#### [Material shown]

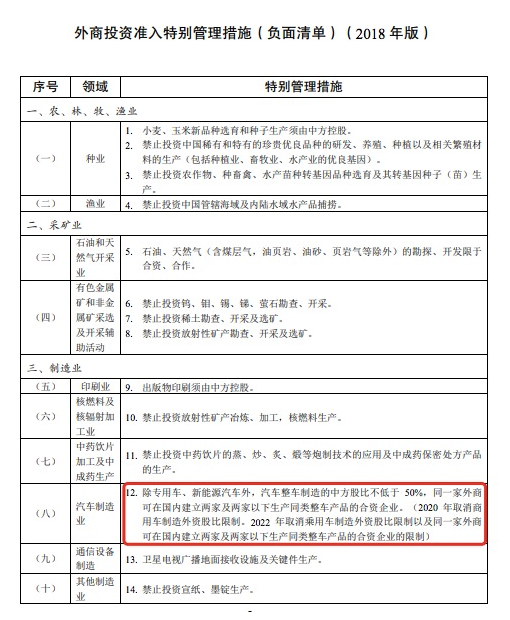 股比限制正式取消，專用車、新能源汽車成擴大開放排頭兵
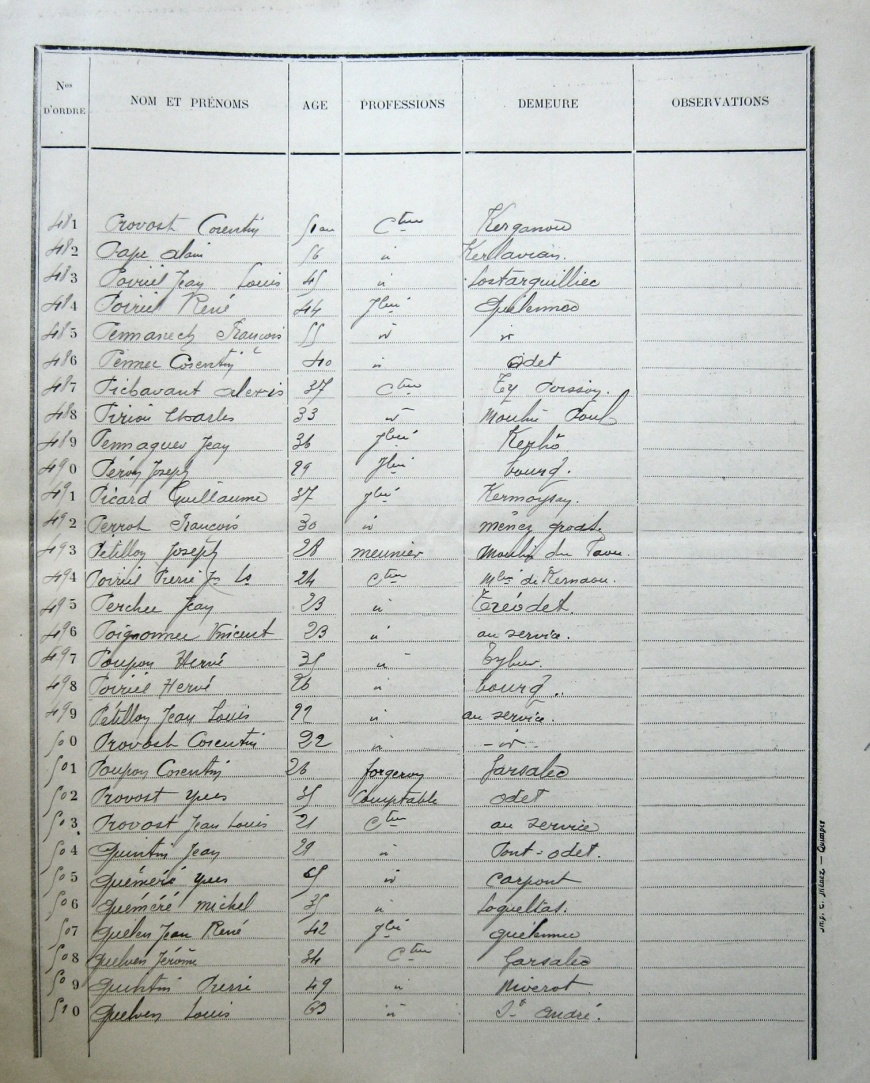Image:ListeElect-1910-17.jpg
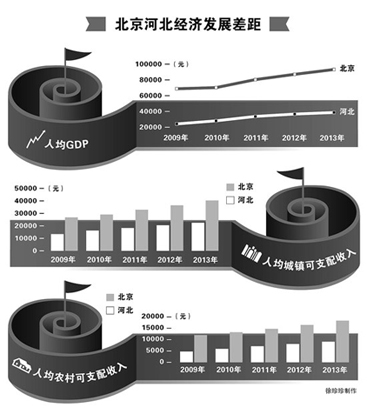 太阳能与建筑一体化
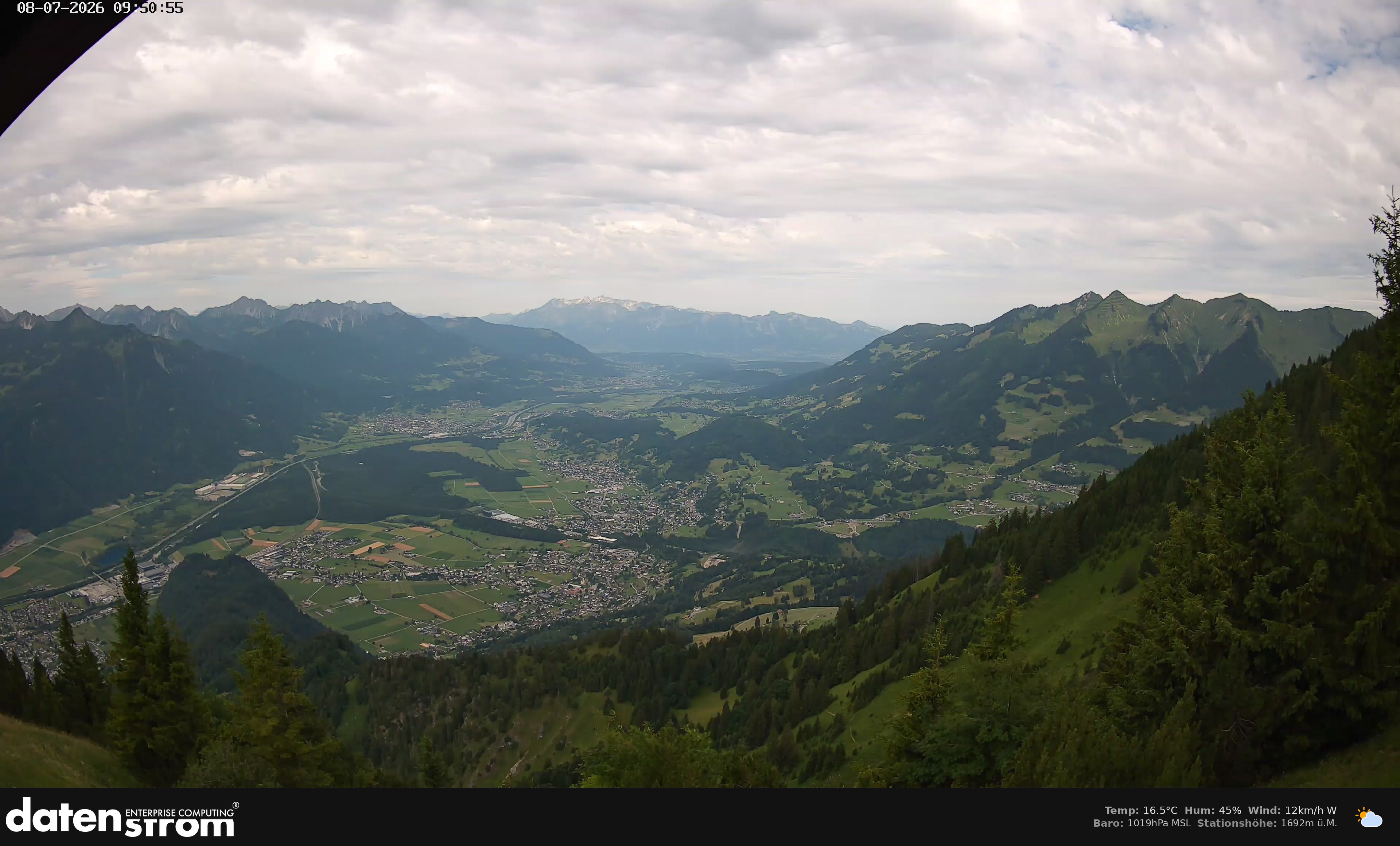Bludenz - Walgau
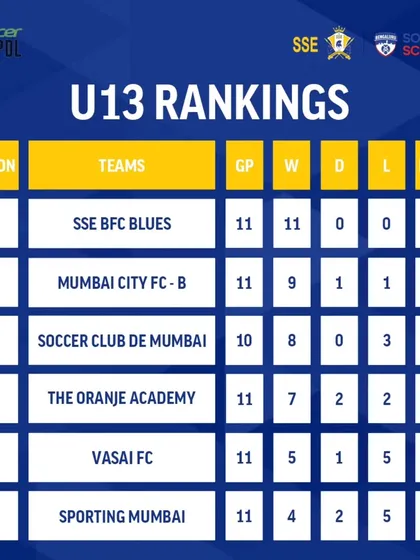 The Invincibles. We congratulate our U13 Blues for an undefeated group stage in the DPDL, securing all 33 points. This table-topping performance showcases their dominance and skill.
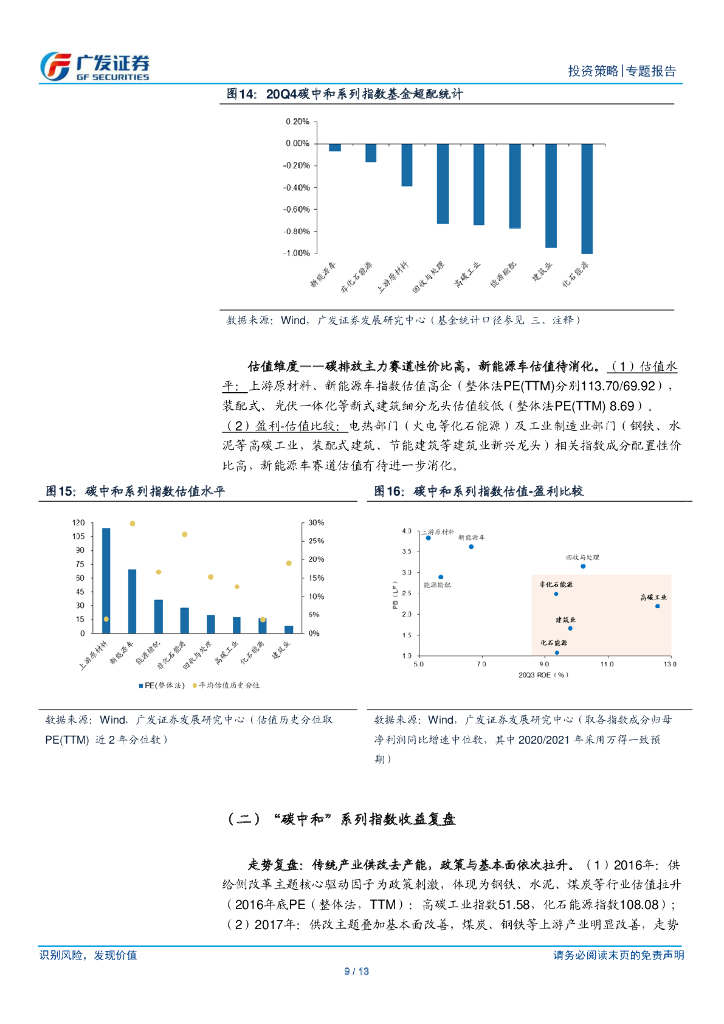 广发证券：“碳中和”主题投资系列（四）“碳中和”产业图谱与指数构建_第9页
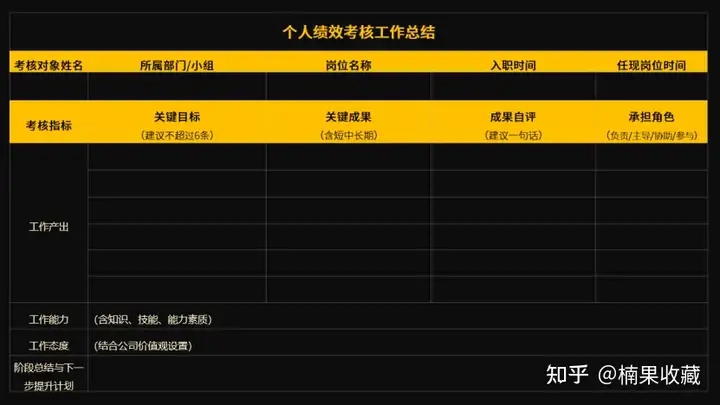 创业团队走向规范化管理时,绩效考核怎么做,才能避免给团队埋雷?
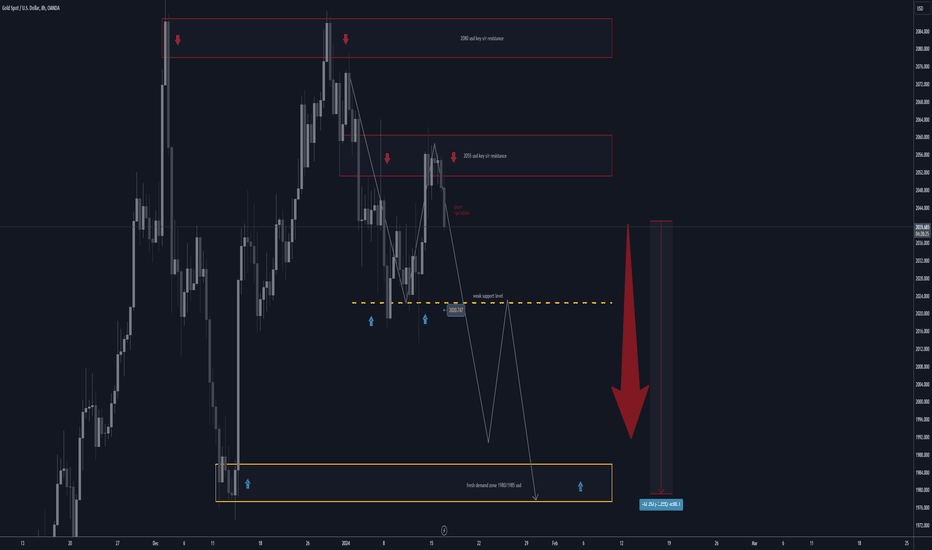 xauusd h8 short rips/rallies tp 1980/1985 usd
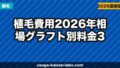 植毛のリスク・副作用と費用の全て｜後悔しないクリニック選び【2026年最新】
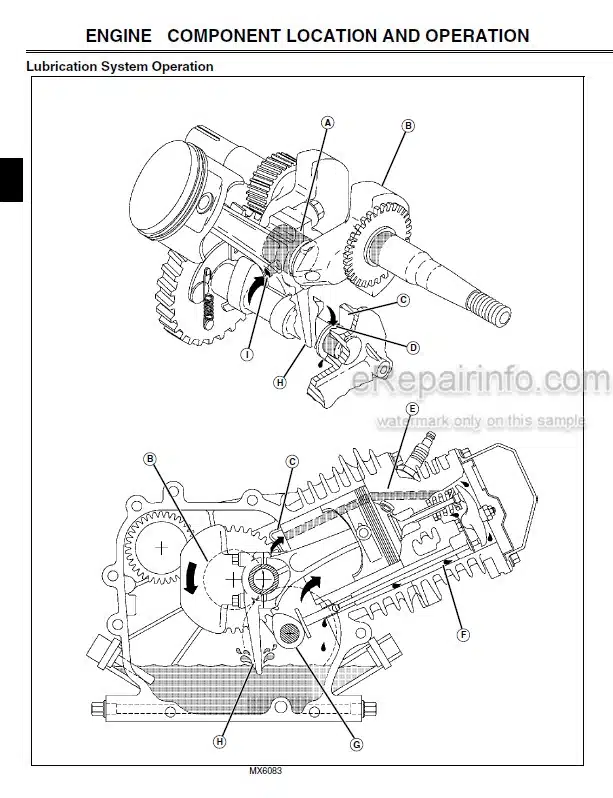 Photo 5 - John Deere 180B 220B 260B Technical Manual Greensmower TM2004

#### [Task statement]
Keeping pictures out, repeat exactly the lines from the one containing "Image:ListeElect-1910-17.jpg" through the end of the listing.

#### [Task output]
Image:ListeElect-1910-17.jpg
 太阳能与建筑一体化
Bludenz - Walgau
 The Invincibles. We congratulate our U13 Blues for an undefeated group stage in the DPDL, securing all 33 points. This table-topping performance showcases their dominance and skill.
 广发证券：“碳中和”主题投资系列（四）“碳中和”产业图谱与指数构建_第9页
 创业团队走向规范化管理时,绩效考核怎么做,才能避免给团队埋雷?
 xauusd h8 short rips/rallies tp 1980/1985 usd
 植毛のリスク・副作用と費用の全て｜後悔しないクリニック選び【2026年最新】
 Photo 5 - John Deere 180B 220B 260B Technical Manual Greensmower TM2004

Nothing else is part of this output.